Puravankara (PL)’s pre-sales in FY25 were weak, as expected, as approvals were delayed (sector-wide impact). However, despite only 3.6msf new launches, sustenance sales remained strong (up 14% YoY) which was a respite. Collections were healthy, growing 9% YoY in FY25. Key launches, including Mumbai-based, lined up in FY26 are likely to drive strong pre-sales growth in FY26E/27E. We largely maintain pre-sales CAGR at 36% for FY25-27E (share of West to increase). Collections at Rs46bn/Rs63bn in FY26E/27E would keep leverage at comfortable levels. We retain BUY on PL with TP of Rs400 (6x residential embedded EV/EBITDA on FY26E). At CMP, the stock trades at 28% discount to the NAV.

Sustenance sales support pre-sales amid weak launches in FY25

PL’s pre-sales fell 15% YoY to Rs50bn in FY25 (Q4FY25 pre-sales: Rs13bn), as expected, as approvals for several projects were delayed (sector-wide hit). PL launched a saleable inventory of 3.6msf in FY25, much lower than earlier guidance of 15msf (miss expected). Nonetheless, in the absence of higher launches, 14% YoY growth in sustenance sales to Rs42bn in FY25 was a respite (comprise 84% of overall pre-sales in the year).

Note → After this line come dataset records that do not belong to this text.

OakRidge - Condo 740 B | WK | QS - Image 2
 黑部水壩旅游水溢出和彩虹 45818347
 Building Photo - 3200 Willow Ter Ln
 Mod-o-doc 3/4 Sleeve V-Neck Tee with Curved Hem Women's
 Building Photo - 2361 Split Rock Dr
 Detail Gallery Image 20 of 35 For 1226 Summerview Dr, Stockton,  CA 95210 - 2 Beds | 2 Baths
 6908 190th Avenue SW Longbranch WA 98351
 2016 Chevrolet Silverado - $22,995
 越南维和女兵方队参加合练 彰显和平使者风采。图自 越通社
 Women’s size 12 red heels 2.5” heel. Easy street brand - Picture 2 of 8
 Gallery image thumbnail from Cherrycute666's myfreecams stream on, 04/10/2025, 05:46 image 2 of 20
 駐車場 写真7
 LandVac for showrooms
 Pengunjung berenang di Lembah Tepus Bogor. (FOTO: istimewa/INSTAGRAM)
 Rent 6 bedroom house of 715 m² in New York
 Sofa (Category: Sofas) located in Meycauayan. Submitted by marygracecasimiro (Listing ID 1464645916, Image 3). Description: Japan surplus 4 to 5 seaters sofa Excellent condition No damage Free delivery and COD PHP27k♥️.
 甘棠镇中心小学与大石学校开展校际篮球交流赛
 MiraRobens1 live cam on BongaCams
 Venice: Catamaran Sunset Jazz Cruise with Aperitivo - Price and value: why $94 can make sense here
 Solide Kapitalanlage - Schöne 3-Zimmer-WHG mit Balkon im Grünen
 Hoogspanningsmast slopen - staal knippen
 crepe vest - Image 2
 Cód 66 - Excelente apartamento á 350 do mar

Well placed for growth; West to drive pre-sales CAGR of 36% post-FY25

The company has planned 13.5msf of launches in FY26 (PL’s share: 12.2msf) which would comprise 9.2msf new project launches and 4.3msf of subsequent phases of projects already launched. Of these, 9.3msf would be open for sale and are well spread through the year. The much awaited launches in Mumbai are planned for H2FY26. The projects planned for H1FY26 are at the advanced stage of approvals which lends confidence on better pre-sales in FY26. We expect pre-sales CAGR of 36%, to Rs93bn during FY25-27E.

Increase in quantum of collections to keep debt at comfortable levels

Collections grew at a healthy 9% YoY to Rs39bn in FY25, on the back of progression in construction activity as well as inflows from new pre-sales during the year. Bolstered by continuity in execution as well as strong pre-sales growth, we expect collections at Rs46bn/Rs63bn in FY26E/27E (26% CAGR in FY25-27E; high base). Net debt has increased to Rs36bn in FY25 (vs Rs24bn in FY24) as PL invested Rs13bn in land amid a slower pre-sales scenario. We expect net debt to be largely stable at Rs35bn (strong collections vis-à-vis continued project additions).

Valuations undemanding; maintain BUY

We value the residential business at 6x embedded EV/EBITDA (EV of Rs 106bn) and commercial business on 8.5% cap-rate (EV of Rs22bn). At a net debt of Rs35bn (on Mar26E), we keep our SoTP-based target price unchanged at Rs400 and maintain BUY. At CMP, the stock is trading at 28% discount to the residential business NAV.